Supplied records =

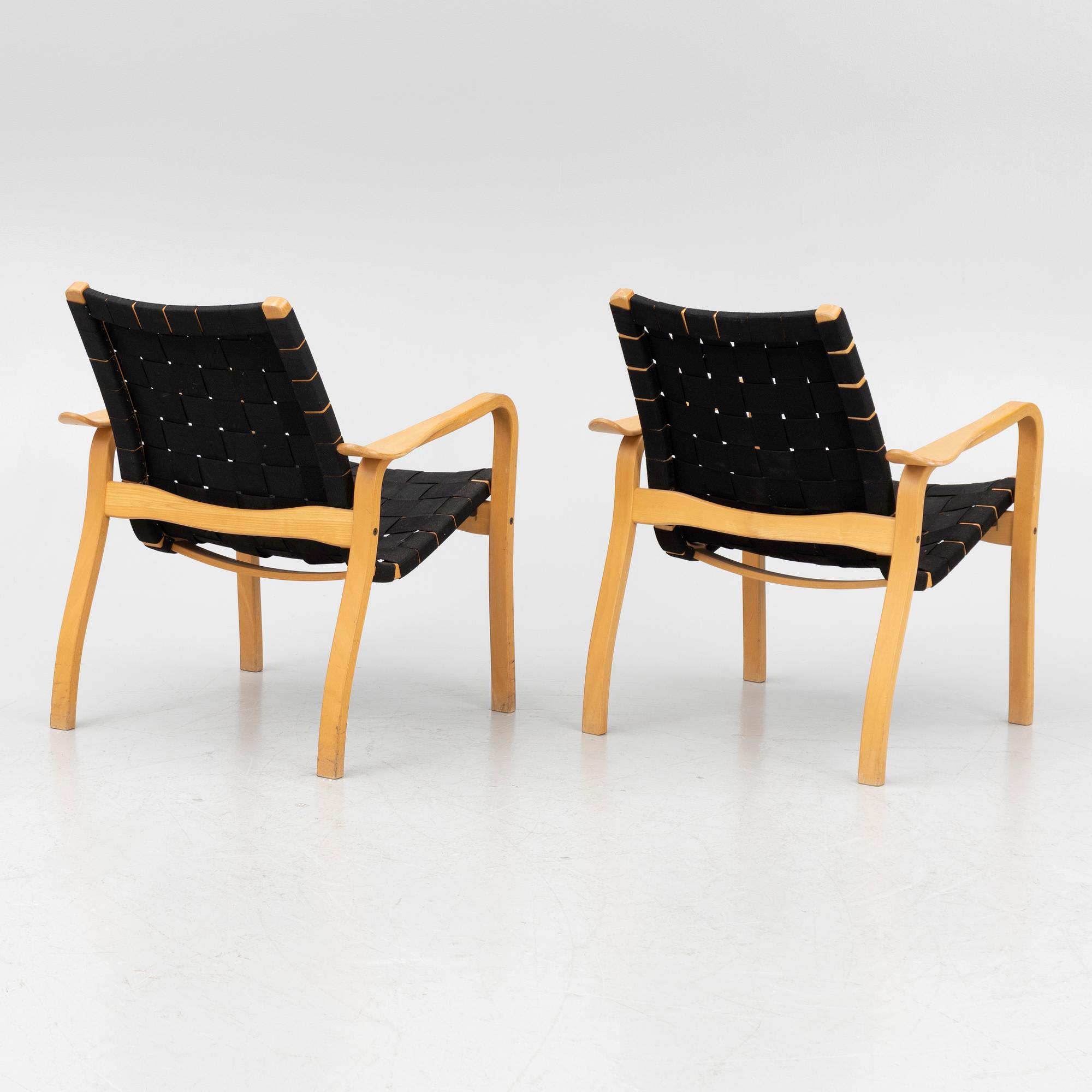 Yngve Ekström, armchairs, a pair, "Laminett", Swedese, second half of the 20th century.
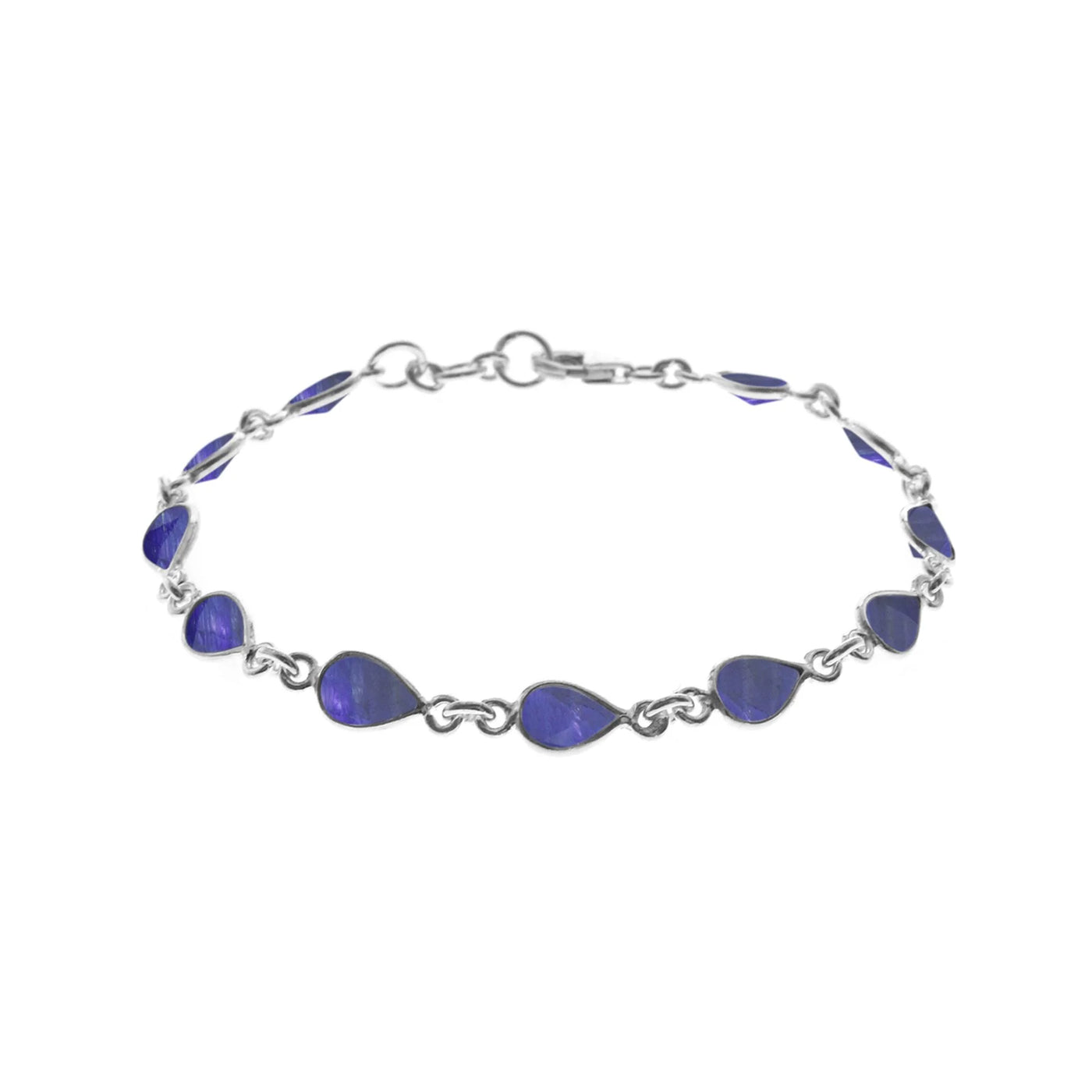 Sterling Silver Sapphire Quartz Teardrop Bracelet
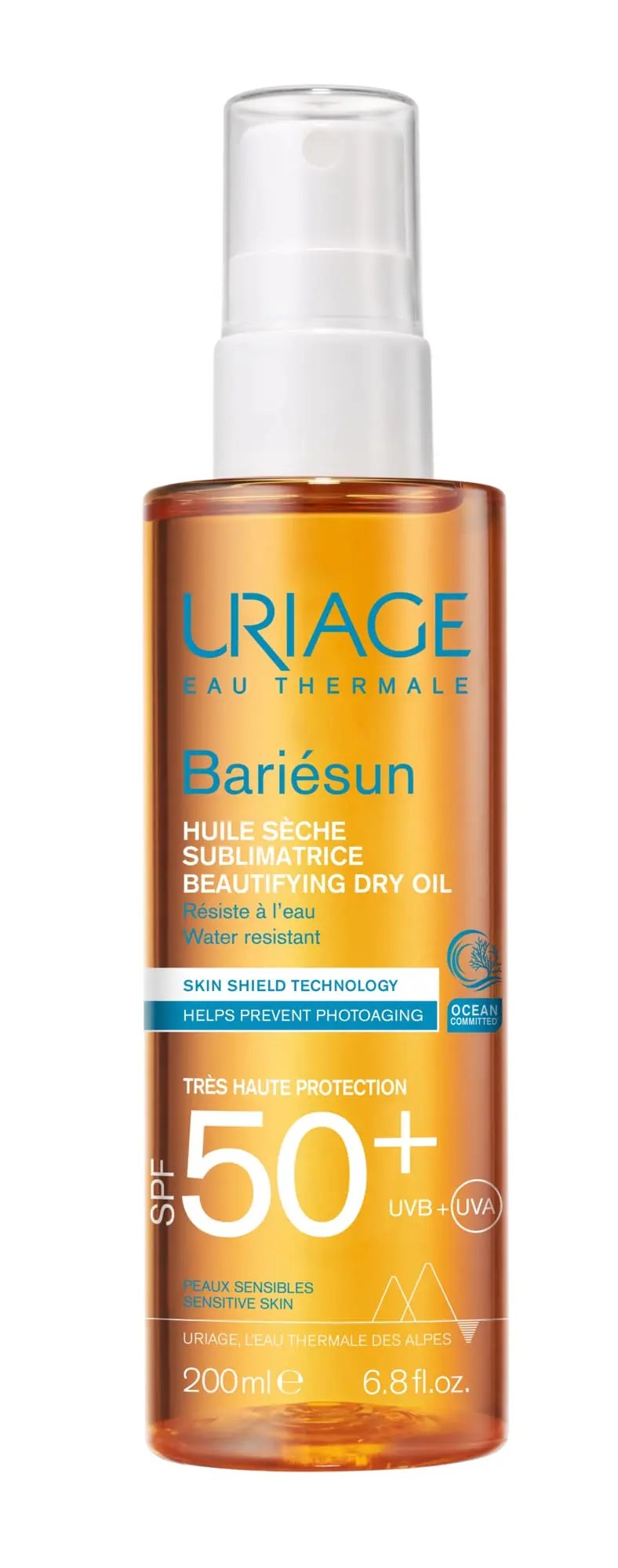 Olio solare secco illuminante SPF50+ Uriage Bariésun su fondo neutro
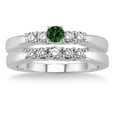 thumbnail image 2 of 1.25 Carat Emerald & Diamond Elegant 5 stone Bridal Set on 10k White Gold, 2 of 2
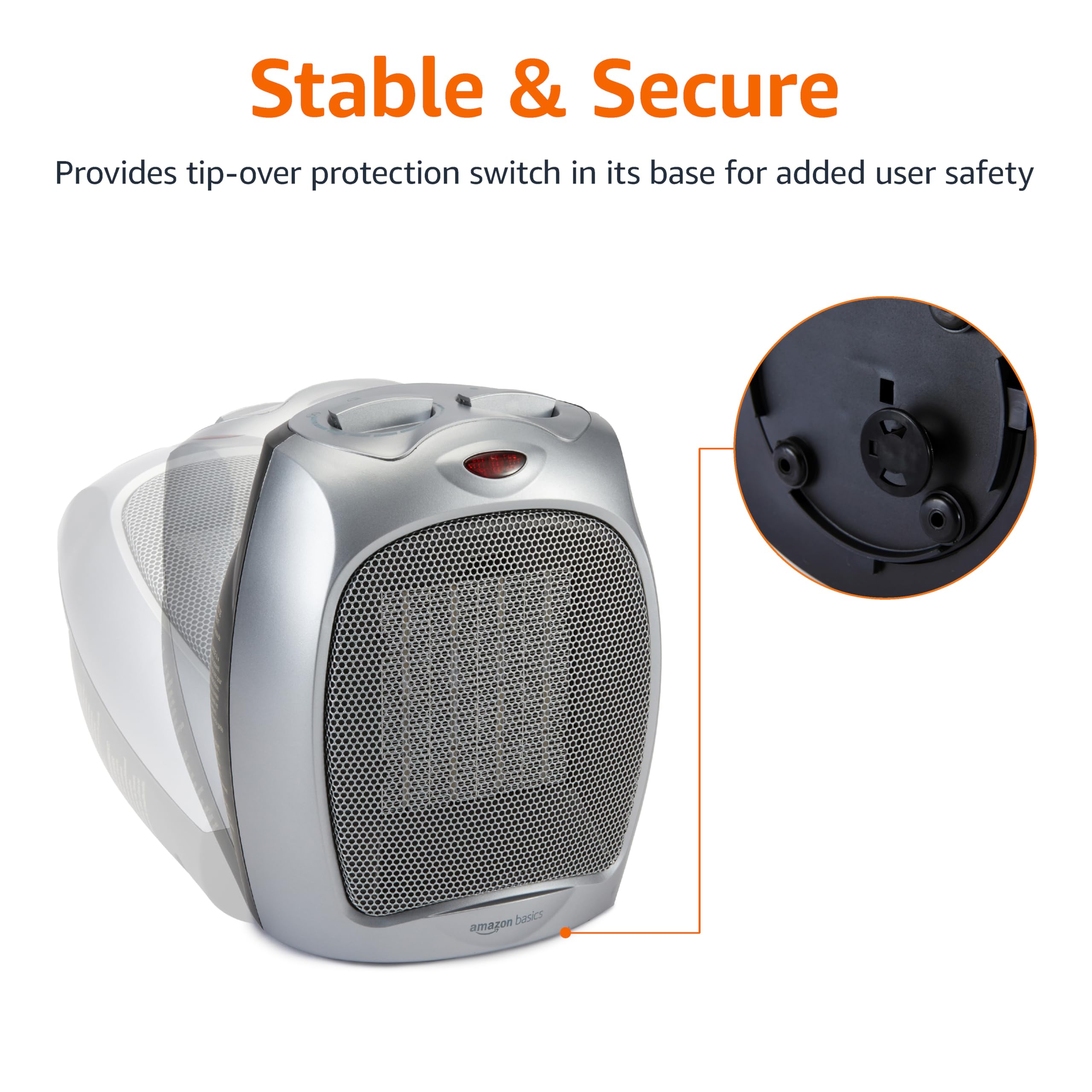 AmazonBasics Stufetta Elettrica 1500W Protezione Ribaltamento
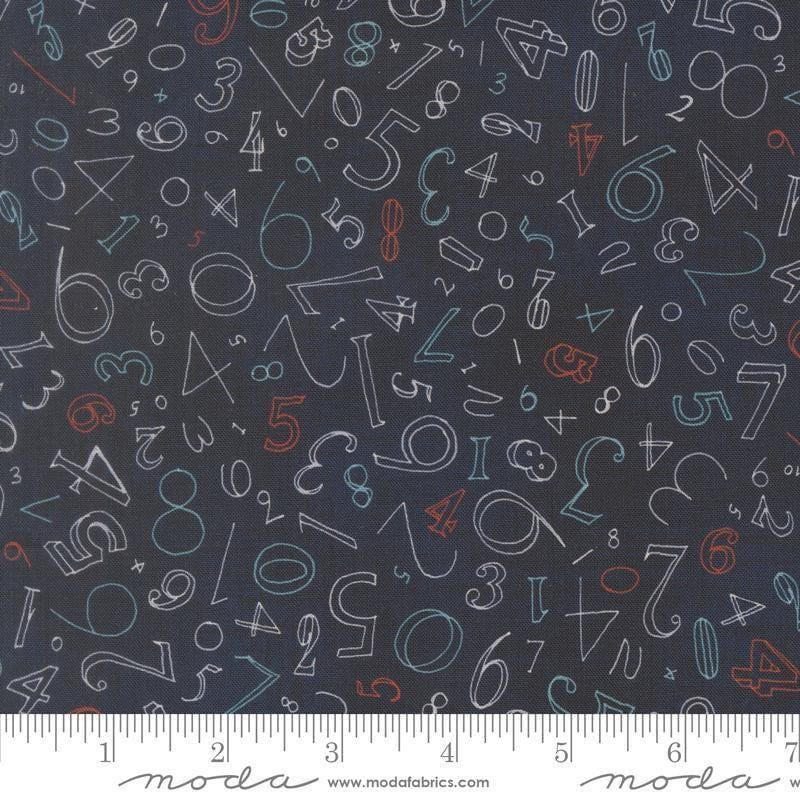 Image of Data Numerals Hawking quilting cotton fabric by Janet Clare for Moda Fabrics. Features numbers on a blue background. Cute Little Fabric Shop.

What is being asked = Output the entries above exactly as given, but strip out the pictures.

Response to the task =
 Yngve Ekström, armchairs, a pair, "Laminett", Swedese, second half of the 20th century.
 Sterling Silver Sapphire Quartz Teardrop Bracelet
 Olio solare secco illuminante SPF50+ Uriage Bariésun su fondo neutro
 thumbnail image 2 of 1.25 Carat Emerald & Diamond Elegant 5 stone Bridal Set on 10k White Gold, 2 of 2
 AmazonBasics Stufetta Elettrica 1500W Protezione Ribaltamento
 Image of Data Numerals Hawking quilting cotton fabric by Janet Clare for Moda Fabrics. Features numbers on a blue background. Cute Little Fabric Shop.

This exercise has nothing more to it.